(Beginning of The input)

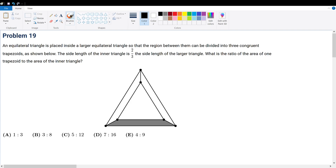Problem 19. An equilateral triangle is placed inside a larger equilateral triangle so that the region between them can be divided into three congruent trapezoids, as shown below. The side length of the inner triangle is two-thirds the side length of the larger triangle. What is the ratio of the area of one of the trapezoids to the area of one of the inner triangles?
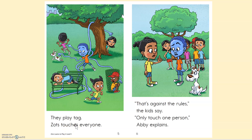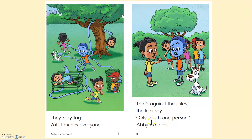If we take away the suffix, the root word here is touch. Can you find the word touch on this page? Touch. T-uh-ch. Touch. Where is it? Good job.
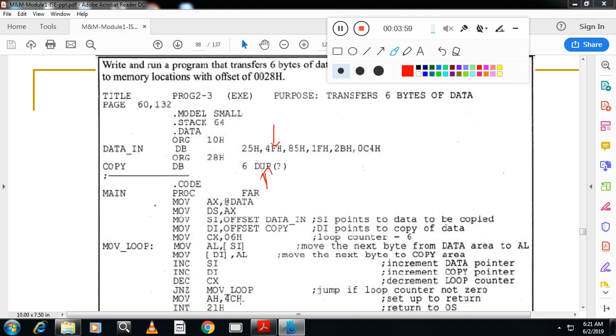Call the DOS interrupt, that is INT 21h, and move H, 4Ch and come out from the program. This is very very important program from the exam point of view. If you have any doubt you can leave the message.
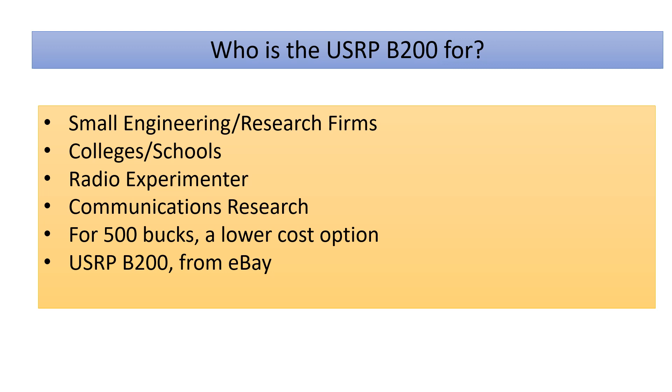So who's this B200 for? I would say small engineering research firms, definitely colleges and schools. I mean if you got students dropping 20-30k a year, I think the university can afford 500 bucks for some lab work. But that's just me. I would say it's for the serious radio experimenter, those on the cutting edge of technology, whatever that means. I would say it's probably a good project for anyone doing communications research.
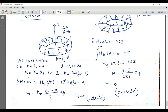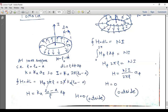Applying Ampere's law, H dot dl equals H_phi times 2 pi rho. Here dl equals rho d-phi a_phi, so H dot a_phi gives H_phi, and integrating rho d-phi from 0 to 2 pi gives 2 pi rho. Equating H_phi times 2 pi rho to the total current 2 pi K_a (rho-naught minus a), we get H equals K_a (rho-naught minus a) over rho, in the a_phi direction.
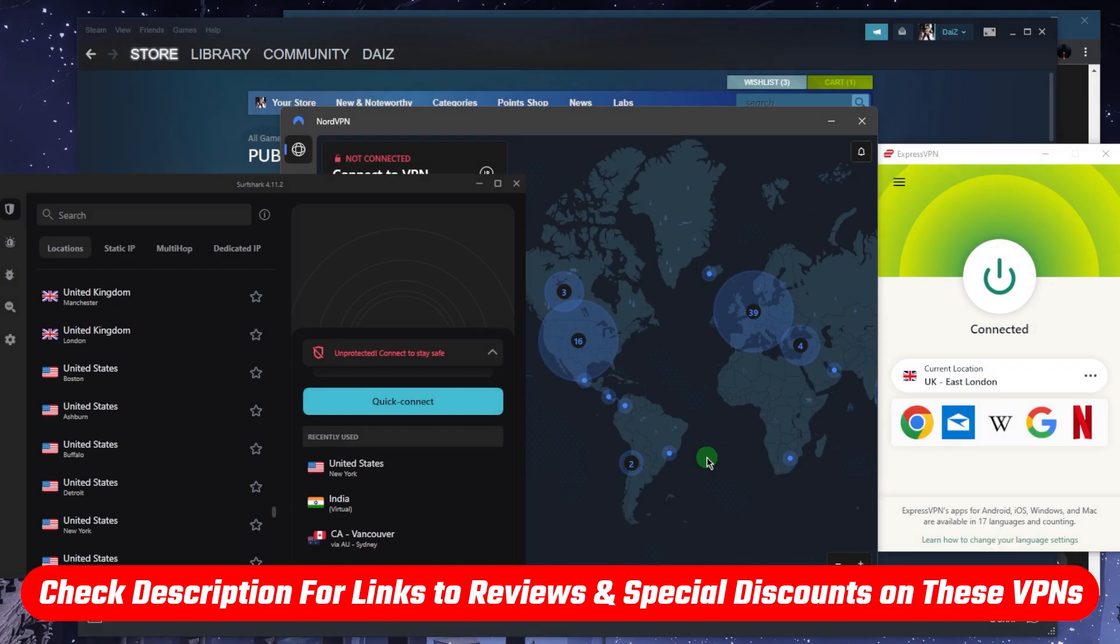And that's pretty much it for this video. If you guys are interested in any of these VPNs, you'll find links to pricing discounts in the description down below, as well as full reviews if you'd like to learn a little bit more about them. And of course, they're all covered by 30-day money-back guarantee in case you're not satisfied for whatever reason.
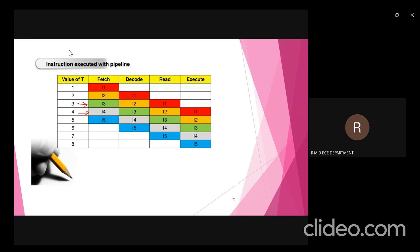I2 moves to the read phase, I3 moves to the decode phase, and the fourth instruction I4 can enter the fetch phase. So even with pipelining, each instruction still passes through all four phases. However, whenever the first instruction completes the fetch phase and moves to decode, we can bring the second instruction in parallel into the fetch phase. This reduces the execution time, and this concept is called pipelining.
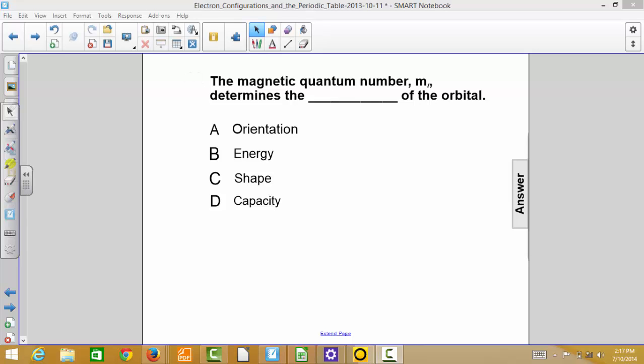Let's do the next question. The magnetic quantum number M sub L determines the blank of the orbital. The choices are orientation, energy, shape, or capacity.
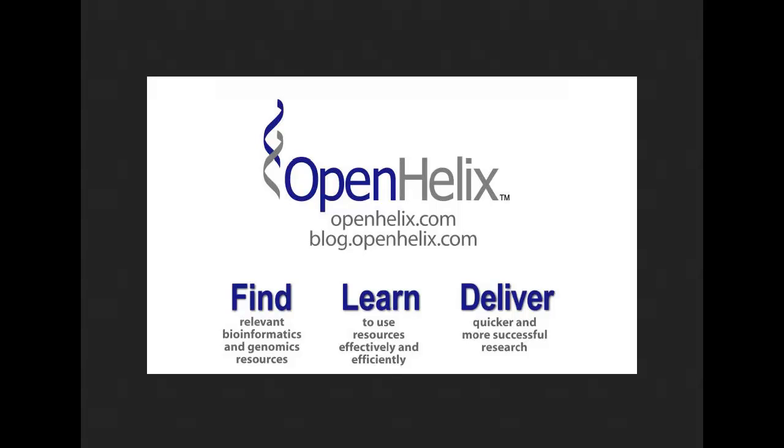Hi, this is Mary from OpenHelix with this week's Tip of the Week. If you're seeing this tip someplace else, be sure to come back by our blog at blog.openhelix.com for additional details. I'll provide links to the resource I'm describing today, links to the publications associated with that, and more. So check us out at blog.openhelix.com.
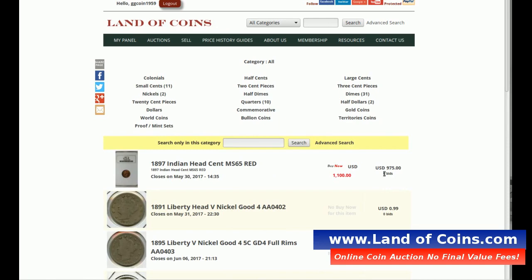Hope this helps with editing your auctions. And again, thanks for using LandOfCoins.com. If you haven't subscribed yet, it's only $15 a month. You can buy and sell as many coins as you want with no transaction fees. So thanks again for watching the video.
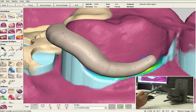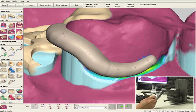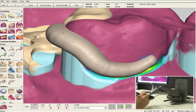Once you're happy with the way the clasp looks, we'll click the apply button, which will turn it from the three-dimensional preview to our digital wax.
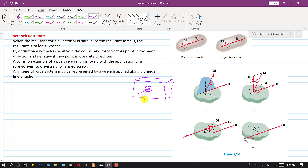This will be the resultant, and then there will be a moment. The direction of that moment will be such that if we use our right hand, our thumb will also point in the direction of the screw — that is, in the direction of the resultant. In that case, the resultant is a positive wrench.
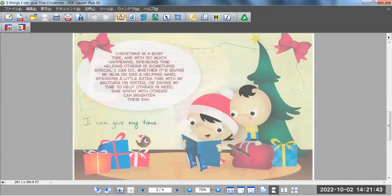Spending a little extra time with my brother or sister, or giving my time to help others in need. Time spent with others can brighten their day.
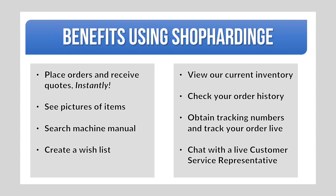Welcome to Shop Hardinge, your Hardinge information source. The purpose of this video is to show you the many benefits of using Shop Hardinge.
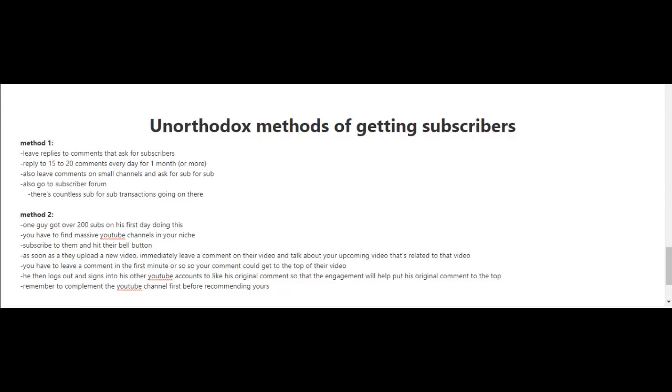What you're gonna want to do is reply to 15 to 20 comments every day for one month or more. Of course, if time is limited, you can reply to only five or as many as you can. It doesn't even have to be every day, but just try to do this regularly.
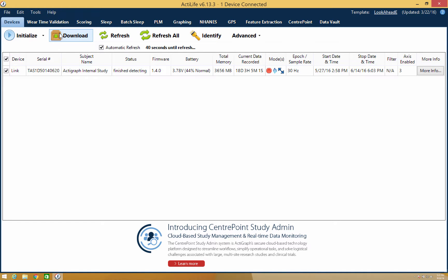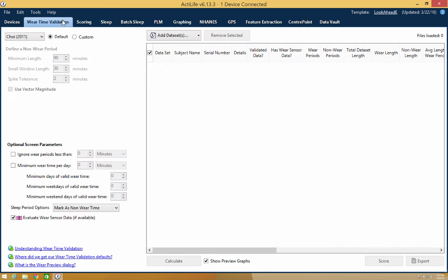Another tab in ActiLife is the Wear Time Validation tab, where you can apply algorithms to check the wear compliance of your subjects.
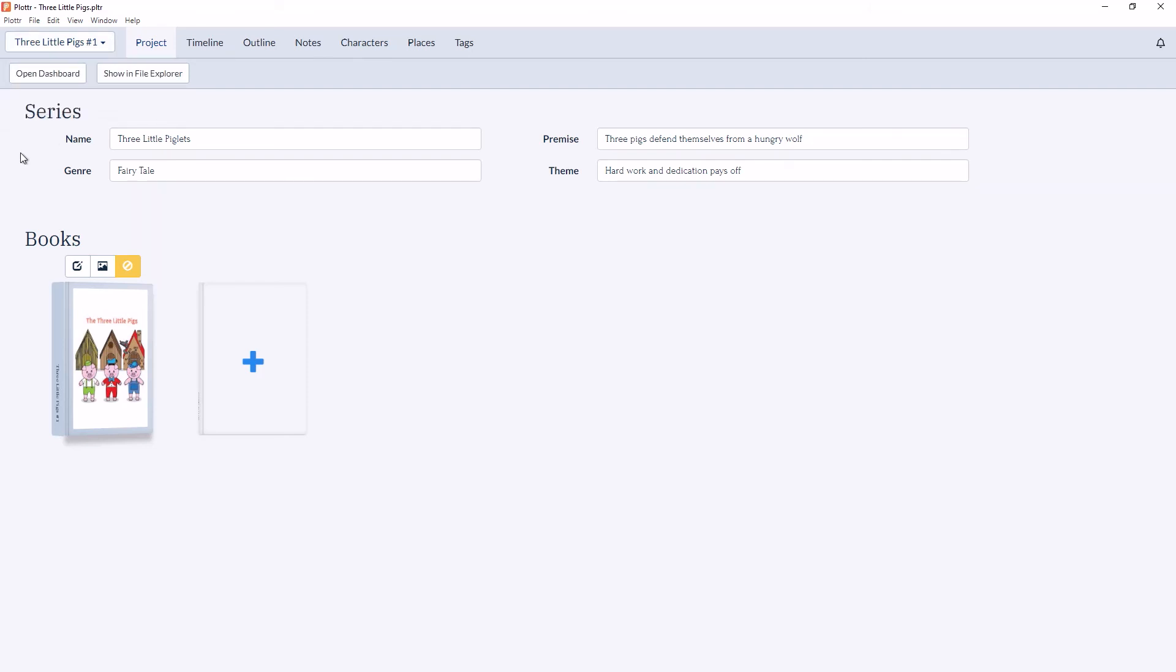So that covers our overview of the Projects tab in Plotter. If you have any questions be sure to leave them in the comments below and give the video a thumbs up. And make sure to subscribe to the channel for all our latest information and updates.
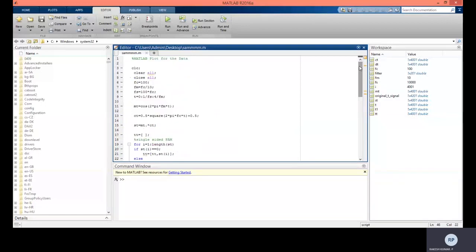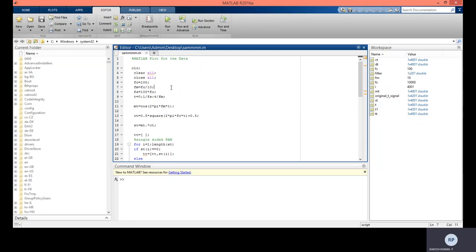Looking at the code: 'clc' clears the command window, 'clear all' clears all workspace variables, and 'close all' closes all existing figures. For any modulator the inputs are the message signal and the carrier signal. Here, 'fc' denotes the carrier frequency, 'fm' denotes the frequency of the message signal. Generally the message signal frequency is much less than the carrier frequency.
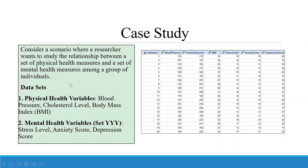Now let's take one case study. Consider a scenario where a researcher wants to study the relationship between a set of physical health measures and a set of mental health measures among a group of individuals. We have collected data from 20 individuals: their blood pressure, cholesterol level, and BMI are recorded, as well as stress level, anxiety score, and depression score. The first set consists of physical health variables — blood pressure, cholesterol levels, and body mass index — and the second group is stress level, anxiety score, and depression score.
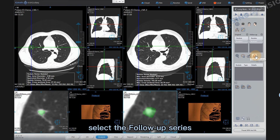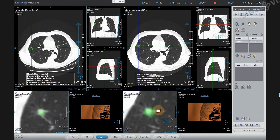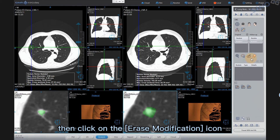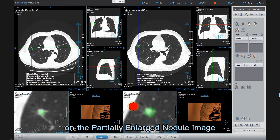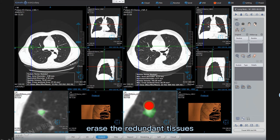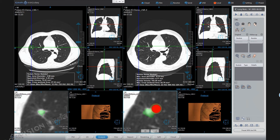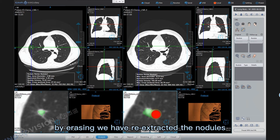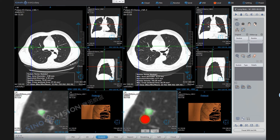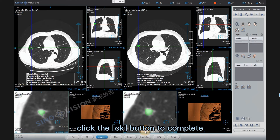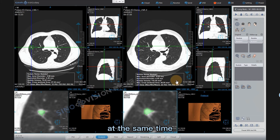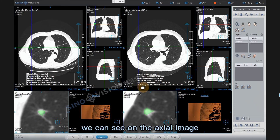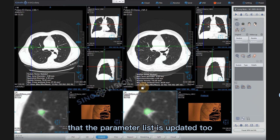Erase modification: Select the follow-up series, then click the Erase modification icon. On the partially enlarged nodule image, erase the redundant tissues. By erasing, we have accurately extracted the nodules. After erasing is complete, click the OK button to complete the modification of the extraction. On the axial image, the parameter list is updated too.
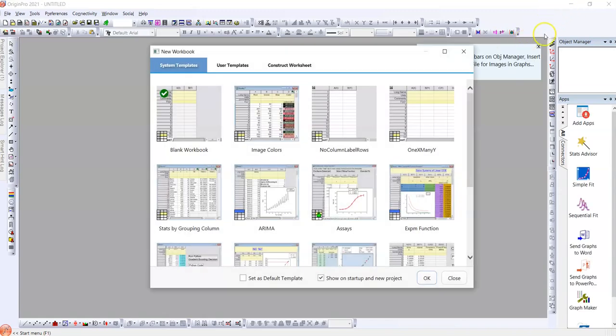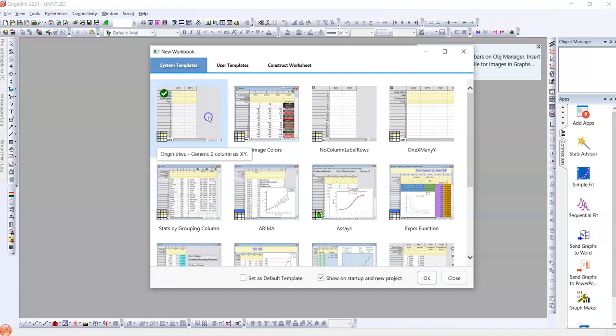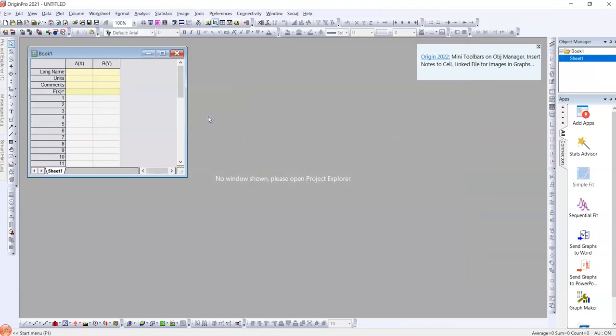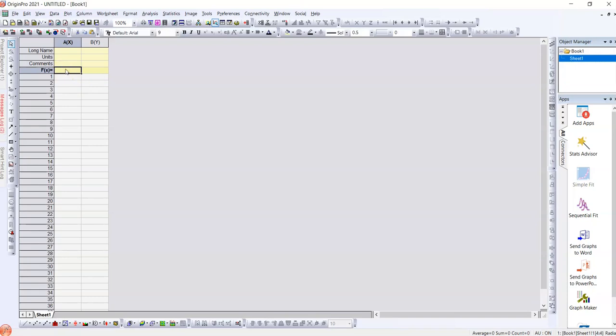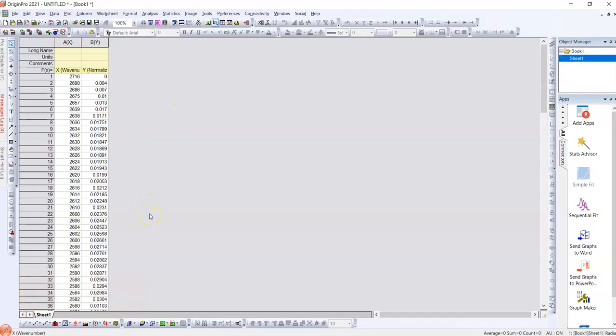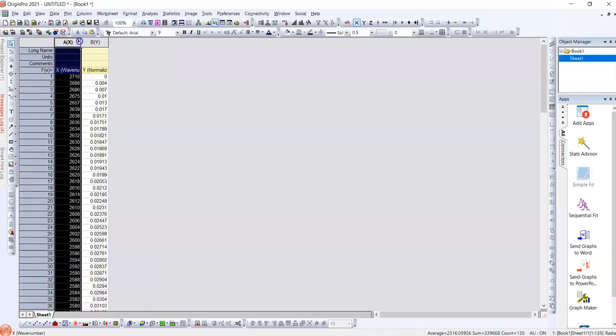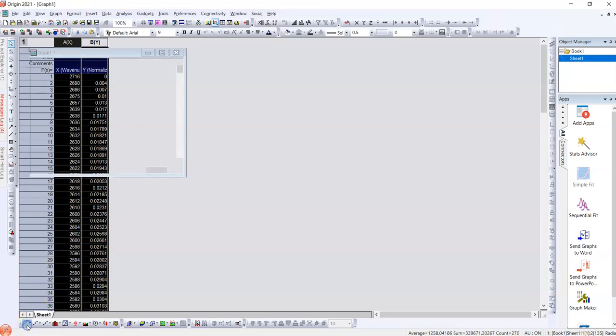These are all the templates of the Origin software. We will double click on the system template where we can put down the xy values from the FTIR data of OD, deuterium. Our data has already been inserted here, now we will plot it using this line bar.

(End of The input)

__What you are asked to do__. Pictures aside, please output the whole listing exactly as it appears above.

__Output of the task__.
Problem 19. An equilateral triangle is placed inside a larger equilateral triangle so that the region between them can be divided into three congruent trapezoids, as shown below. The side length of the inner triangle is two-thirds the side length of the larger triangle. What is the ratio of the area of one of the trapezoids to the area of one of the inner triangles?
If we take away the suffix, the root word here is touch. Can you find the word touch on this page? Touch. T-uh-ch. Touch. Where is it? Good job.
Call the DOS interrupt, that is INT 21h, and move H, 4Ch and come out from the program. This is very very important program from the exam point of view. If you have any doubt you can leave the message.
So who's this B200 for? I would say small engineering research firms, definitely colleges and schools. I mean if you got students dropping 20-30k a year, I think the university can afford 500 bucks for some lab work. But that's just me. I would say it's for the serious radio experimenter, those on the cutting edge of technology, whatever that means. I would say it's probably a good project for anyone doing communications research.
Applying Ampere's law, H dot dl equals H_phi times 2 pi rho. Here dl equals rho d-phi a_phi, so H dot a_phi gives H_phi, and integrating rho d-phi from 0 to 2 pi gives 2 pi rho. Equating H_phi times 2 pi rho to the total current 2 pi K_a (rho-naught minus a), we get H equals K_a (rho-naught minus a) over rho, in the a_phi direction.
And that's pretty much it for this video. If you guys are interested in any of these VPNs, you'll find links to pricing discounts in the description down below, as well as full reviews if you'd like to learn a little bit more about them. And of course, they're all covered by 30-day money-back guarantee in case you're not satisfied for whatever reason.
I2 moves to the read phase, I3 moves to the decode phase, and the fourth instruction I4 can enter the fetch phase. So even with pipelining, each instruction still passes through all four phases. However, whenever the first instruction completes the fetch phase and moves to decode, we can bring the second instruction in parallel into the fetch phase. This reduces the execution time, and this concept is called pipelining.
Let's do the next question. The magnetic quantum number M sub L determines the blank of the orbital. The choices are orientation, energy, shape, or capacity.
Hi, this is Mary from OpenHelix with this week's Tip of the Week. If you're seeing this tip someplace else, be sure to come back by our blog at blog.openhelix.com for additional details. I'll provide links to the resource I'm describing today, links to the publications associated with that, and more. So check us out at blog.openhelix.com.
Hope this helps with editing your auctions. And again, thanks for using LandOfCoins.com. If you haven't subscribed yet, it's only $15 a month. You can buy and sell as many coins as you want with no transaction fees. So thanks again for watching the video.
Once you're happy with the way the clasp looks, we'll click the apply button, which will turn it from the three-dimensional preview to our digital wax.
This will be the resultant, and then there will be a moment. The direction of that moment will be such that if we use our right hand, our thumb will also point in the direction of the screw — that is, in the direction of the resultant. In that case, the resultant is a positive wrench.
Spending a little extra time with my brother or sister, or giving my time to help others in need. Time spent with others can brighten their day.
Welcome to Shop Hardinge, your Hardinge information source. The purpose of this video is to show you the many benefits of using Shop Hardinge.
What you're gonna want to do is reply to 15 to 20 comments every day for one month or more. Of course, if time is limited, you can reply to only five or as many as you can. It doesn't even have to be every day, but just try to do this regularly.
Another tab in ActiLife is the Wear Time Validation tab, where you can apply algorithms to check the wear compliance of your subjects.
So that covers our overview of the Projects tab in Plotter. If you have any questions be sure to leave them in the comments below and give the video a thumbs up. And make sure to subscribe to the channel for all our latest information and updates.
Looking at the code: 'clc' clears the command window, 'clear all' clears all workspace variables, and 'close all' closes all existing figures. For any modulator the inputs are the message signal and the carrier signal. Here, 'fc' denotes the carrier frequency, 'fm' denotes the frequency of the message signal. Generally the message signal frequency is much less than the carrier frequency.
Now let's take one case study. Consider a scenario where a researcher wants to study the relationship between a set of physical health measures and a set of mental health measures among a group of individuals. We have collected data from 20 individuals: their blood pressure, cholesterol level, and BMI are recorded, as well as stress level, anxiety score, and depression score. The first set consists of physical health variables — blood pressure, cholesterol levels, and body mass index — and the second group is stress level, anxiety score, and depression score.
Erase modification: Select the follow-up series, then click the Erase modification icon. On the partially enlarged nodule image, erase the redundant tissues. By erasing, we have accurately extracted the nodules. After erasing is complete, click the OK button to complete the modification of the extraction. On the axial image, the parameter list is updated too.
These are all the templates of the Origin software. We will double click on the system template where we can put down the xy values from the FTIR data of OD, deuterium. Our data has already been inserted here, now we will plot it using this line bar.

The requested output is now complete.